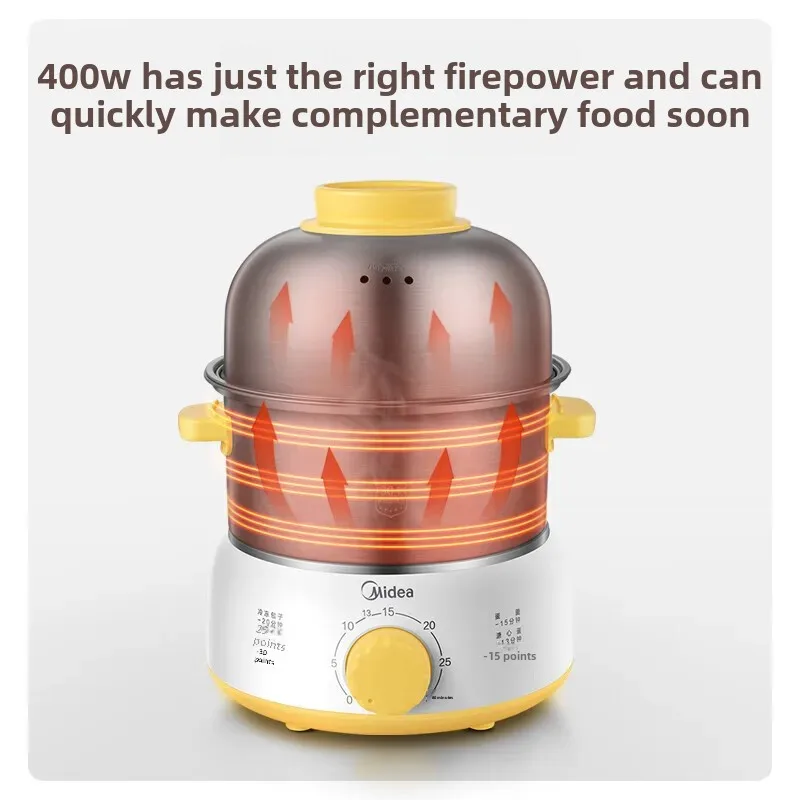 MZ-ZDE1602 Portable Stainless Steel Egg Boiler Steamer Dual Layer Automatic Power Interruption Anti-Drying Egg Cooker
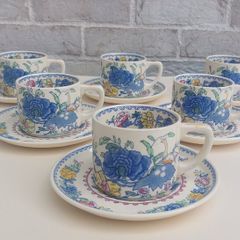 Beautiful and Rare Masons Patent Ironstone Set of Six Straight Sided Coffee/Tea Cup and Saucer Duos in the Regency Pattern, Circa 1950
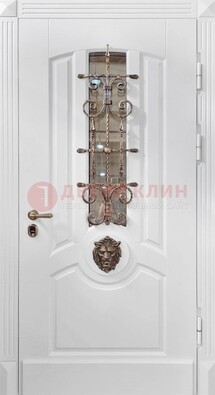 Белая металлическая дверь с виноритом и стеклом с ковкой ДВТ-165 в Ростове-На-Дону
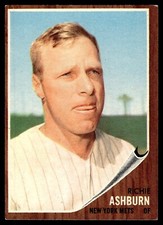 1962 Topps 213 Richie Ashburn New York Mets HOF #2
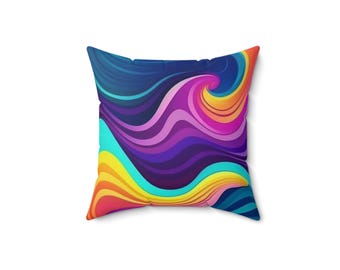 Abstract Swirl Pillow Cover: Vibrant Modern Art Home Decor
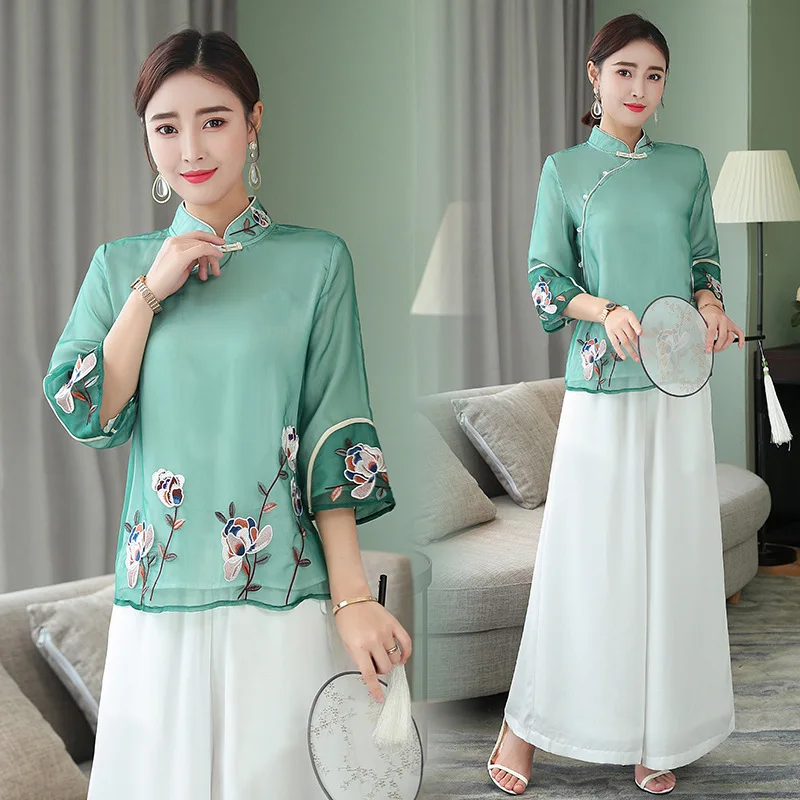 

Improved Chinese Costume GIRL'S 2019 New Style Retro Chinese-style Frog Tops Cheongsam Daily Life Chinese Clothing Ethnic-Style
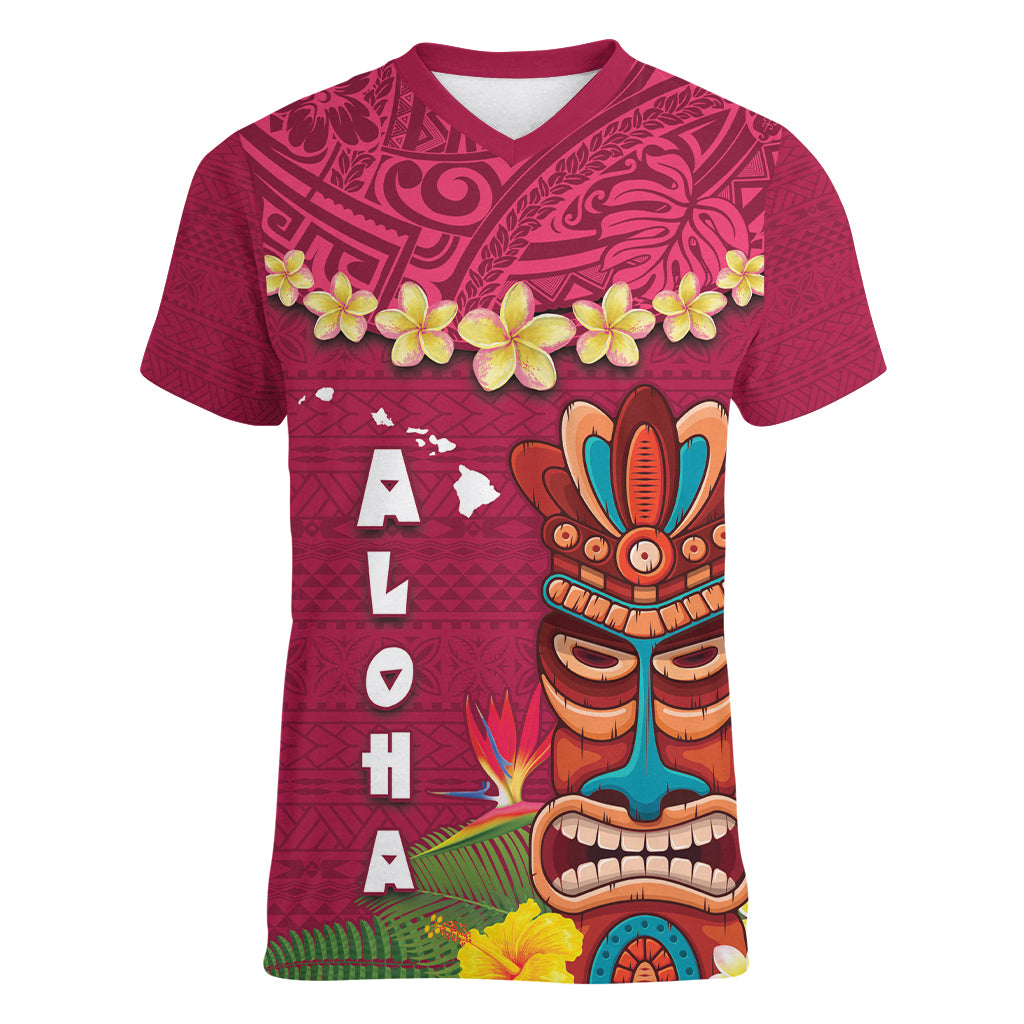 Hawaii Plumeria Lei Women V-Neck T-Shirt Tiki and Kakau Pattern Pink Color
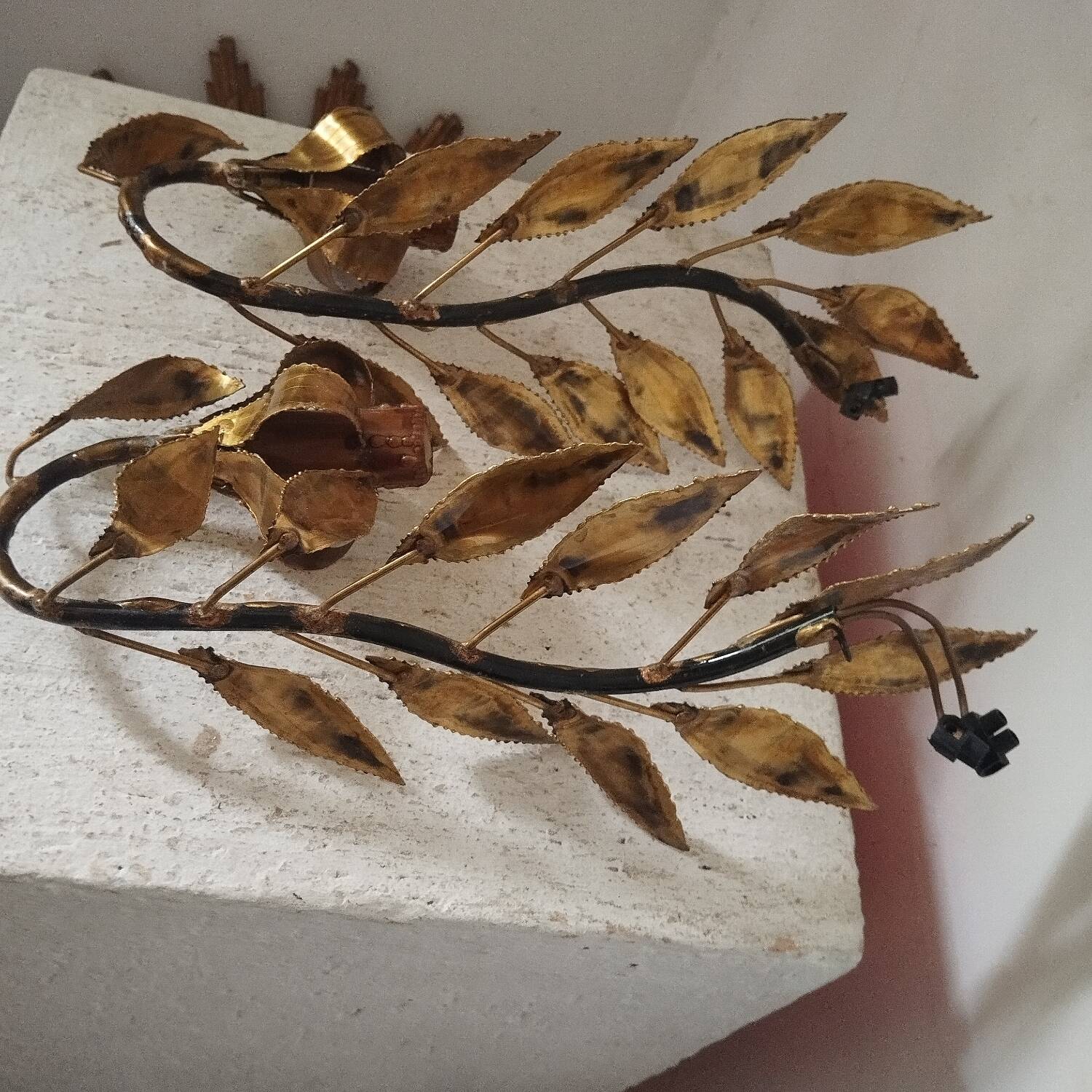 Pair of gold metal floral leaf sconces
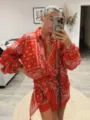 Boho στυλ παραλίας vintage paisley print μακρυμάνικη ζακέτα και ασορτί κοντή φούστα σετ - S / Top And Bottom / Κόκκινο σετ (κοντή μπλούζα)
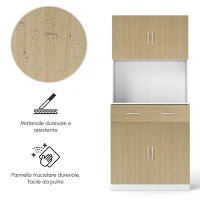 HOMCOM Credenza Cucina con Armadietti a 2 Ante e Cassetto, 80x40x180cm, Colore Legno(m-8)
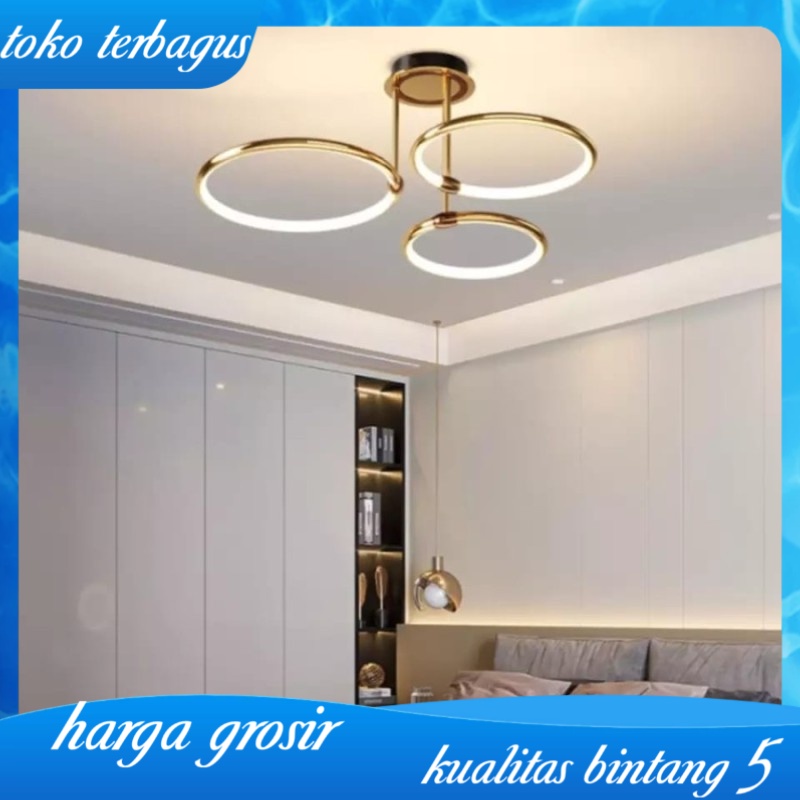 LAMPU GANTUNG HIAS LED CINCIN MEWAH GOLD RING PREMIUM CHANDELIER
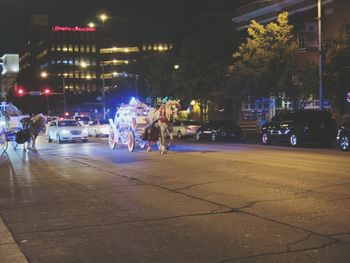 View of city street at night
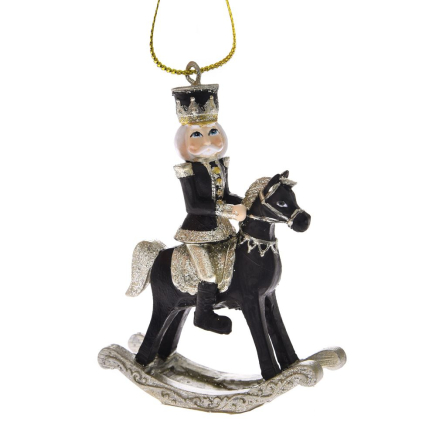 XMAS BLACK POLYRESIN NUTCRACKER ROCKING HORSE ORNAMENT 6,5X3X9,5CM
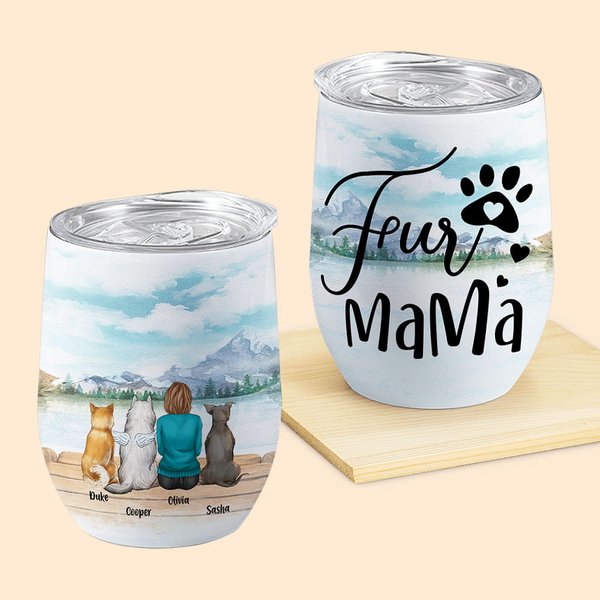Vaso de vino personalizado Enjoy The Natural Scenery Together with Fur Babies Acero inoxidable de calidad alimentaria Regalo de cumpleaños y Navidad p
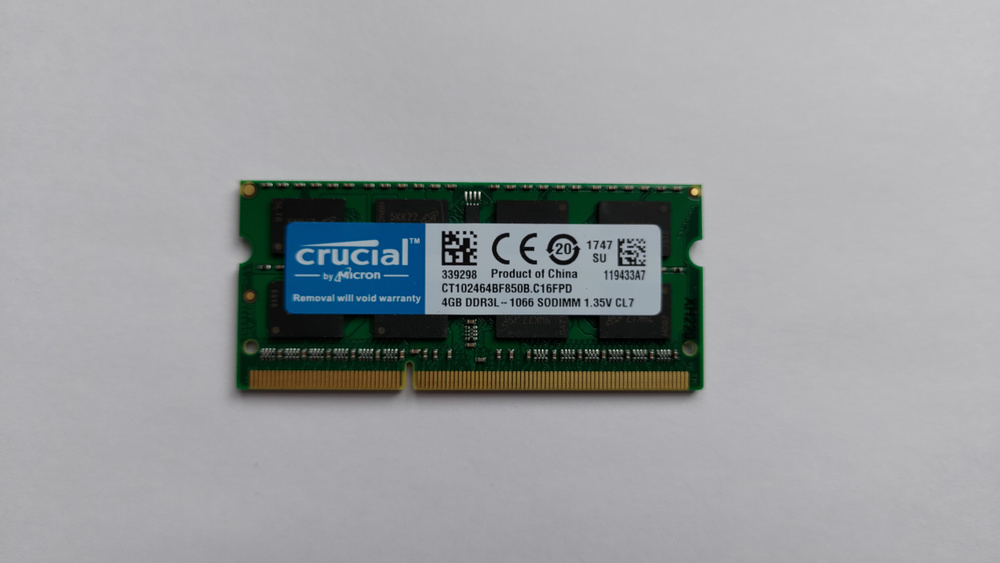 Crucial Оперативная память 1.5в 1.35в DDR3L 4 ГБ 1066 MHz SO-DIMM PC3L-8500 1x4 ГБ (CT102464BF850n)  #1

■ **REQUIRED ACTION**:
Your task is to reproduce every record exactly while omitting the pictures.

■ **ANSWER SECTION**:
 MZ-ZDE1602 Portable Stainless Steel Egg Boiler Steamer Dual Layer Automatic Power Interruption Anti-Drying Egg Cooker
 Beautiful and Rare Masons Patent Ironstone Set of Six Straight Sided Coffee/Tea Cup and Saucer Duos in the Regency Pattern, Circa 1950
 Белая металлическая дверь с виноритом и стеклом с ковкой ДВТ-165 в Ростове-На-Дону
 1962 Topps 213 Richie Ashburn New York Mets HOF #2
 Abstract Swirl Pillow Cover: Vibrant Modern Art Home Decor

Improved Chinese Costume GIRL'S 2019 New Style Retro Chinese-style Frog Tops Cheongsam Daily Life Chinese Clothing Ethnic-Style
 Hawaii Plumeria Lei Women V-Neck T-Shirt Tiki and Kakau Pattern Pink Color
 Pair of gold metal floral leaf sconces
 Boho στυλ παραλίας vintage paisley print μακρυμάνικη ζακέτα και ασορτί κοντή φούστα σετ - S / Top And Bottom / Κόκκινο σετ (κοντή μπλούζα)
 HOMCOM Credenza Cucina con Armadietti a 2 Ante e Cassetto, 80x40x180cm, Colore Legno(m-8)
 LAMPU GANTUNG HIAS LED CINCIN MEWAH GOLD RING PREMIUM CHANDELIER
 View of city street at night
 XMAS BLACK POLYRESIN NUTCRACKER ROCKING HORSE ORNAMENT 6,5X3X9,5CM
Vaso de vino personalizado Enjoy The Natural Scenery Together with Fur Babies Acero inoxidable de calidad alimentaria Regalo de cumpleaños y Navidad p
 Crucial Оперативная память 1.5в 1.35в DDR3L 4 ГБ 1066 MHz SO-DIMM PC3L-8500 1x4 ГБ (CT102464BF850n)  #1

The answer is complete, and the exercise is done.